I was looking over my bank account list the other day and realized that over the past 18 months, I have significantly increased the number of accounts I use. In early 2007, I had two basic accounts – savings and checking. Now, I have seven different accounts that I use every month. I have three savings accounts at ING Direct, an Electric Orange Checking account at ING Direct, a savings and checking account at my local brick and mortar bank, and a savings account with HSBC Direct.
Each of these accounts has a different purpose.
The ING Savings Accounts are each named according to their purpose: Long Term Savings, Short Term Savings, and Frivolity Fund.
Long Term Savings is fairly self explanatory. This is my main savings account. On the first day of every month, I have a set amount transferred into this account. Where does it transfer from?
That leads us to the Short Term Savings account. This is what I consider to be my spending money. A set amount of money from each paycheck is deposited into this account after every payday. This account is essentially my bill pay account as well, though because it is a savings account, it can’t be used for online bill pay.
Which is why I have the Electric Orange account.

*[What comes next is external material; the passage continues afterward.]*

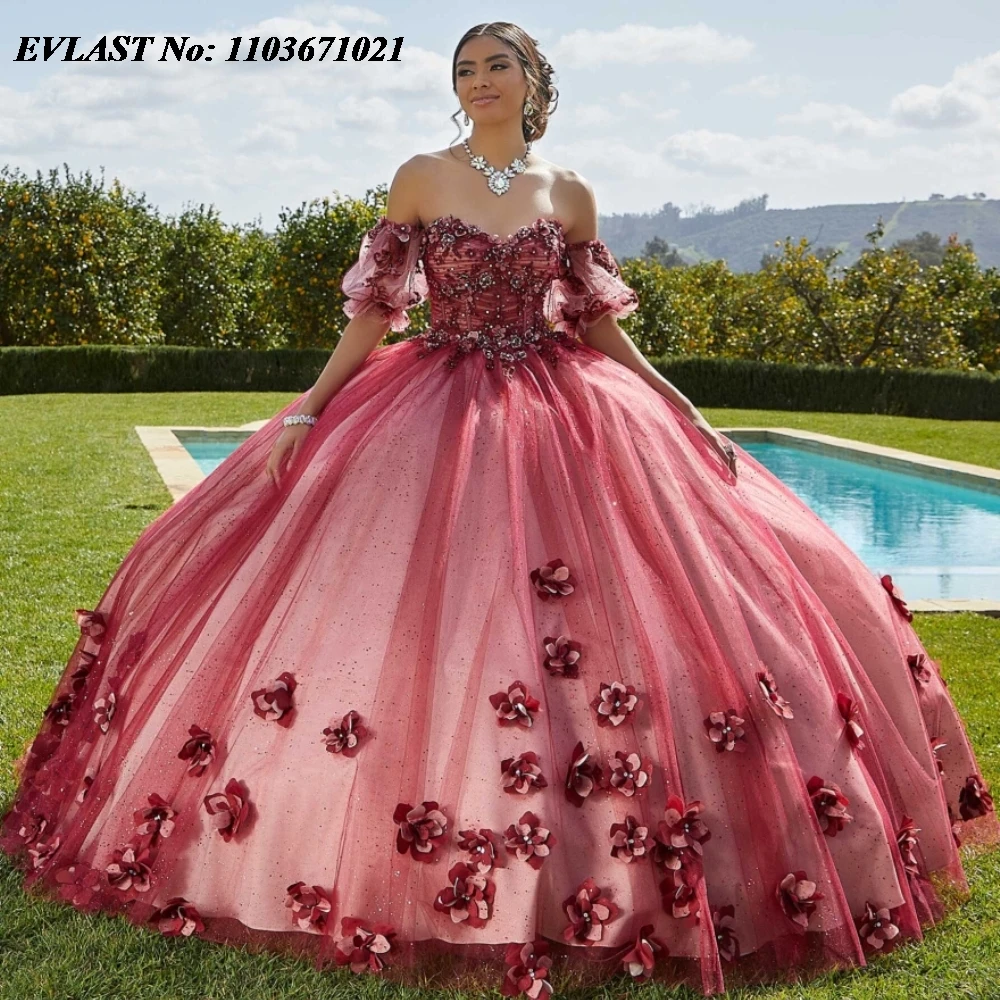 EVLAST-vestido De Quinceañera De Borgoña mexicano, vestido De baile, apliques florales 3D, cuentas, manga hinchada, corsé, XV Anos SQ301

When my credit card bills arrive, I transfer money from Short Term Savings into the Electric Orange account and then use that to pay the bills online.
The Frivolity Fund was created to try to spur me into action on my budget. Every month, I start the budget with a set amount of money budgeted as fun money – savings for a big purchase. However, to encourage myself to stay on budget, at the end of the month, if I’m over in any categories, the money comes out of the fun money budget category to cover. If there’s still money in that category after covering my overages, then I transfer that amount from Short Term Savings into the Frivolity Fund. Watching it grow and earn interest really does encourage me to stay on budget.
The HSBC Direct account is used for my Dollar a Day plan. I chose to host the plan there mainly so I could have the opportunity to try out HSBC Direct’s features. After using it for seven months, I have decided that I very much prefer ING’s features and will be transferring all the funds from that account back to ING Direct at the end of the year, even though HSBC does have slightly higher rates. I’ll sacrifice that for the preferred banking experience.
Every two weeks, my paycheck deposits into the checking account at my brick and mortar bank. For a while, I considered having it deposit to ING, but I like having instant access to the money, just in case. I keep enough in this account to cover my rent and monthly cash withdrawls. I keep a small reserve of money in the savings account “just in case.”
It seems like a lot sometimes, but I know that there are many others out there who are juggling many more accounts. Most of the transfers I indicated above are automatic – the only transfers I ever initiate are those to pay the credit card bills and to the frivolity fund, plus the occasional transfer from brick and mortar checking to savings.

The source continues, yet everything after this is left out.